Where you should start

If you are new to stretching, it is important to start slowly and gradually increase the intensity of your stretches as time continues. It is also crucial not to push yourself to the extreme. If you feel pain, stop the stretch and contact a doctor or physical therapist.

Here are some tips for getting started:

  • Find a comfortable place to stretch. A mat or towel on the floor will work perfectly.

  • Start with static stretches and hold each stretch for 15-30 seconds.

  • As you become more flexible, you can add dynamic stretches to your regimen.

  • Stretch every day for the best results!

PNF Stretching

PNF (proprioceptive neuromuscular facilitation) stretching is a type of stretch that uses both the stretch reflex and the Golgi tendon reflex to achieve a greater range of motion.
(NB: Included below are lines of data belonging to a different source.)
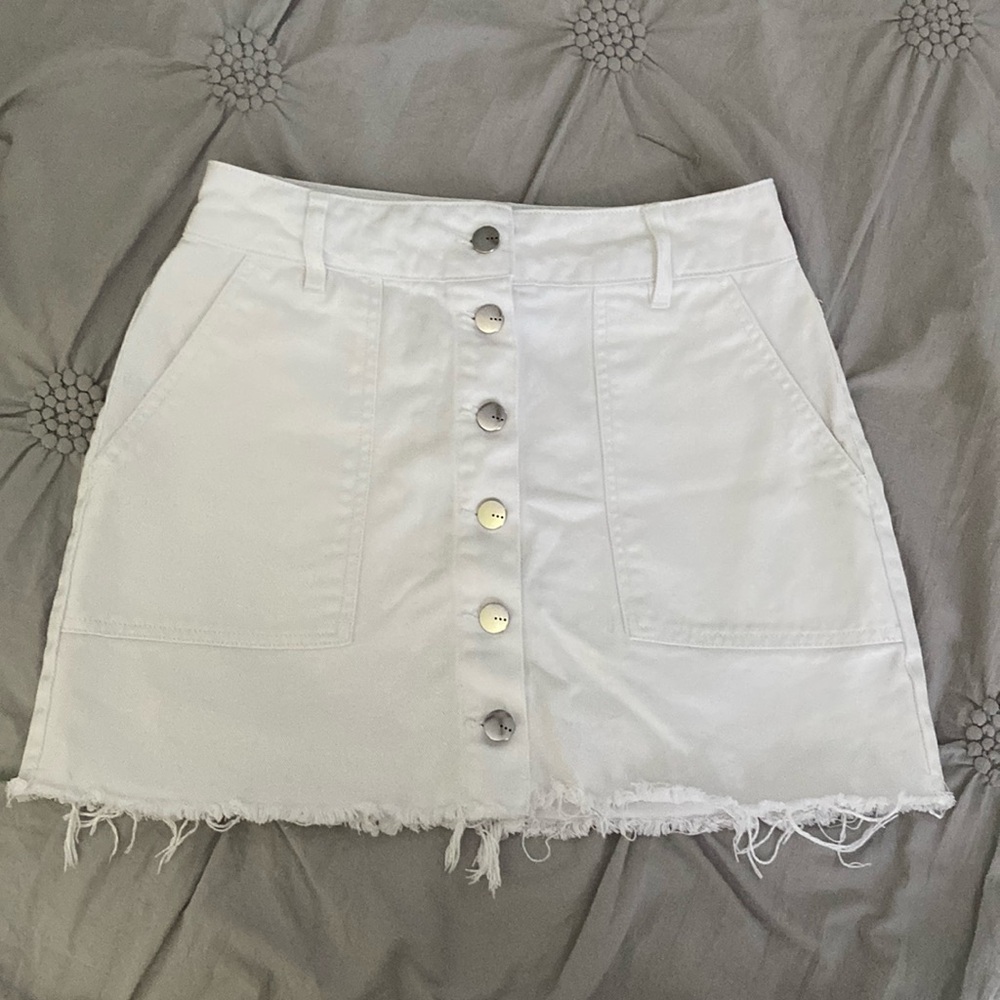White denim button down skirt womens small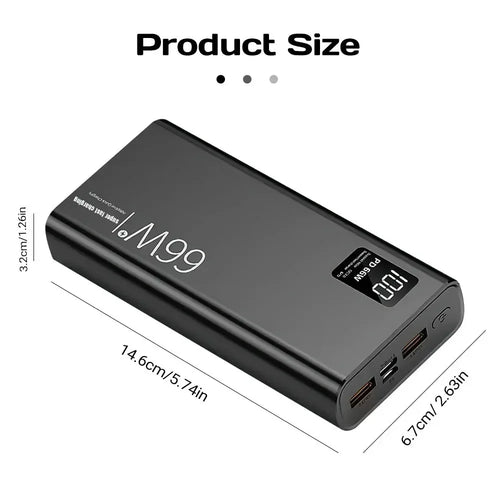 100000mAh Power Bank For Xiaomi iPhone Samsung 66W Super Fast Charging For 22.5W  Built-in 4 Cables Portable Digital Powerbank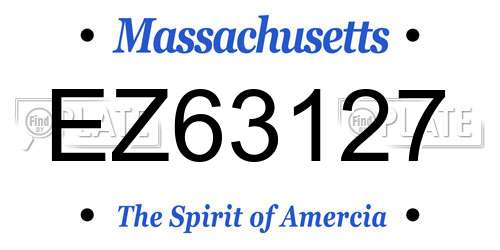 EZ63127 Massachusetts License Plate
PNF stretching is usually done with a partner who administers pressure to the muscle group that is being stretched. The individual then contracts the muscle group for a small period of time before relaxing. This process is repeated a few times to aid in increasing flexibility. Consider employing a stretching specialist, like those at The Muvement Pros, if you don’t have a partner with PNF Stretching expertise! There are a lot of benefits of PNF stretching, including increased range of motion, improved circulation, and decreased risk of injury. PNF stretching is an advanced form of stretching and must only be attempted with the guidance of an expert.

Because why not give stretching a try now that you have a little more knowledge about it? Stretching only a few minutes each day can have a major impact on your general health!